Tuttavia, alcuni trasportatori hanno preferito pagare – in un primo momento, solo alcune, in seguito, anche altre – un “pedaggio” ai ribelli per assicurarsi il passaggio sicuro delle proprie navi. Sempre secondo Transport Intelligence, questa compravendita di ‘salvacondotti’ avrebbe fruttato agli Houthi all’incirca 2 miliardi di dollari finora, su per giù 180 milioni di dollari al mese.

Il controllo dello stretto di Bab-el-Mandeb ha dunque fornito agli Houthi una fonte di finanziamento significativa che ha contribuito a sostenere le loro operazioni militari e a rafforzare la loro influenza nella regione. 

La capacità di imporre pagamenti ai trasportatori ha permesso loro di accumulare risorse finanziarie considerevoli, consolidando ulteriormente un potere che, considerata la posizione sul filo di Teheran, loro prima finanziatrice, ma a rischio di un rovescio qualora dovesse esporsi ad un contrasto ‘a caldo’ con Israele e gli Stati Uniti, sta permettendo agli Yemeniti di garantirsi la sopravvivenza in modo autonomo.

Le conseguenze per il mercato delle compagnie di navigazione

La crisi del Mar Rosso ha avuto anche altre conseguenze significative sul mercato della navigazione mercantile, in particolare dedita al trasporto container.

La disponibilità di capacità da parte delle compagnie di navigazione è la principale interessata, in quanto, per sopperire agli accresciuti tempi di navigazione sulle nuove rotte Asia-Europa, che mantengono impegnati più a lungo i container imbarcati, si è evidenziata la necessità di immettere più capacità sul mercato per soddisfare la domanda.

Paradossalmente, questo ha portato a una carenza di tonnellaggio nel settore, malgrado il 2024 sia un anno record non solo per il minimo storico di vacanza della flotta mondiale, ma anche per la capacità relativa a nuove navi consegnate. Non a caso, la crescita della capacità di trasporto marittimo globale è aumentata del 4,9% nel terzo trimestre, con la flotta che ha mostrato un minimo livello di inattività, secondo Transport Intelligence. 
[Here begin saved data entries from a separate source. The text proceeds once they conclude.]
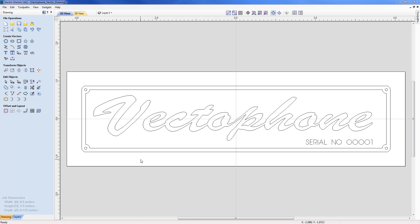In this example we are going to show you how to build the vectors to create the nameplate you can see on the screen. We are going to show you how to use the snapping tools to help create and align our vectors, and we will also look at accessing the font database to create the text, as well as the node editing tools to modify it before we think about machining.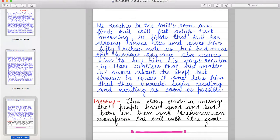The message is, the story sends a message that people have good and bad both in them and forgiveness can transform the evil into the good.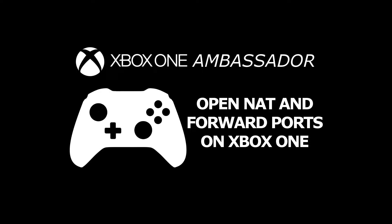What's up guys, Dave here, this is an Xbox Ambassadors video and today I'm going to show you how to open your NAT by forwarding your ports.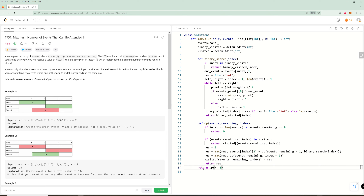Finally, our initial call is dp(0, k), starting at index zero with k total events remaining.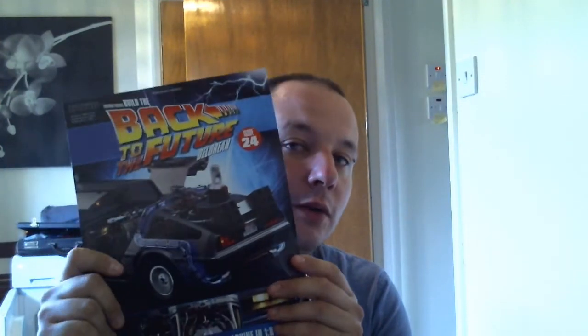Hello YouTubers, this is a Build the Back to the Future DeLorean issue 24. I can't believe how quick the last four or five weeks have gone actually. I did receive these the other day but I've been so tied up with other bits I haven't got around to doing them.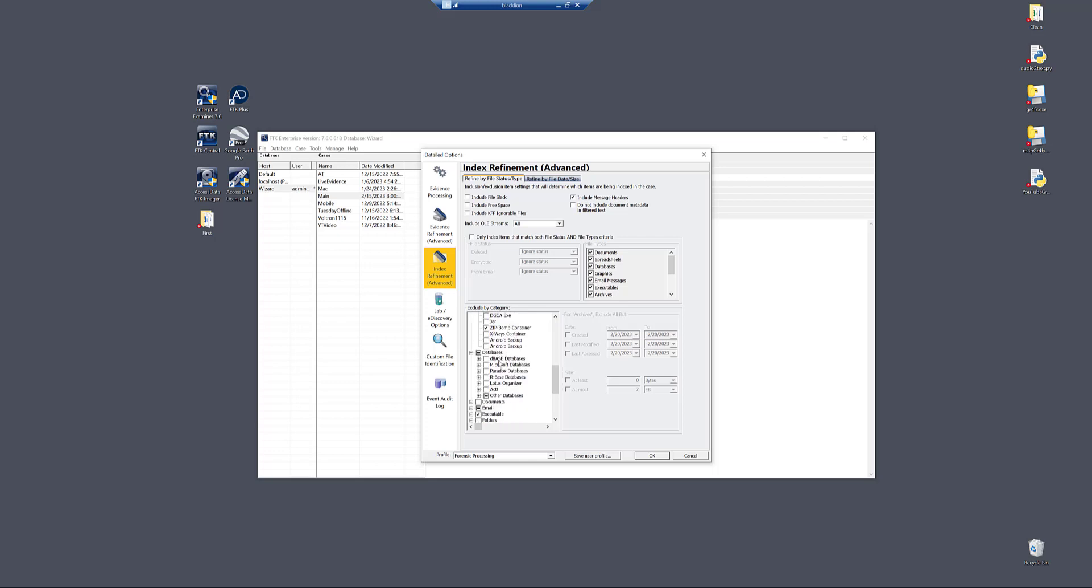Well, because what we did is we went through and found, while working with users of FTK, what are the most common things that they want to have indexed and what do they not want to have indexed.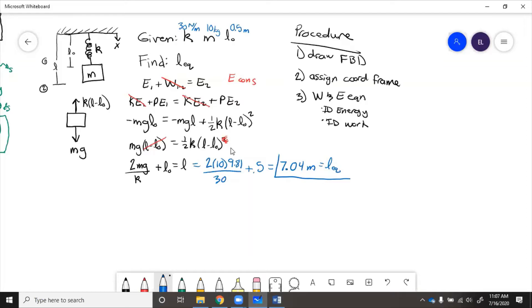So the spring stretched downwards, which makes sense. Leq should definitely come out to be greater than l initial because we know that the mass had to sink.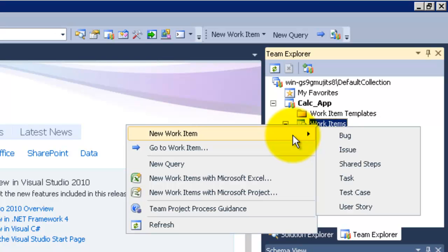You can find here a list of different types of work that we can track, like bugs, issues, tasks and user stories. The reason I am seeing these work items is because when I created this team project I selected Agile process template.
Se non altro, a questa situazione di parità fra domanda e offerta ha portato ad una sorta di equilibrio nel mercato, mantenendo le tariffe relativamente stabili nei trimestri successivi allo scoppio della crisi.

Chi esce sconfitto dalla crisi del Mar Rosso?

Naturalmente, osservare che nessuno esca ‘sconfitto’ da una situazione che circa un anno tiene in ostaggio un intero braccio di mare, provocando danni ai vascelli mercantili a suon di missili balistici e sequestri di equipaggi è paradossale.

È però vero che, allargando cinicamente lo sguardo a quelli che sono i risultati finanziari complessivi delle compagnie di navigazione, per quanto siano effettivamente costrette a valutare di trimestre in trimestre le loro strategie e la dislocazione degli asset, i risultati possono definirsi solidi. Il 2024, per lo shipping, non è dunque un anno ‘da dimenticare’ del tutto: chi può definirsi realmente danneggiato da questa situazione sono più che altro coloro che si trovano a valle della catena di fornitura, sui quali i sovrapprezzi a compensazione dei disagi nella navigazione si scaricano.

C’è però una reale ‘vittima’, spesso tralasciata anche nella lettura degli scenari geopolitici: si tratta dell’Egitto, che dalla gestione del Canale di Suez ha sempre tratto un enorme fonte di proventi.

Nel corso del 2024 i passaggi attraverso l’infrastruttura che, fino al 2023, rappresentava ‘la’ rotta di collegamento tra Mar Rosso (dunque, l’Asia) e il Mediterraneo, sono calati anche del 60%, con una perdita degli introiti provenienti dal Canale di Suez stimata dal Cairo in 6 miliardi di dollari all’anno.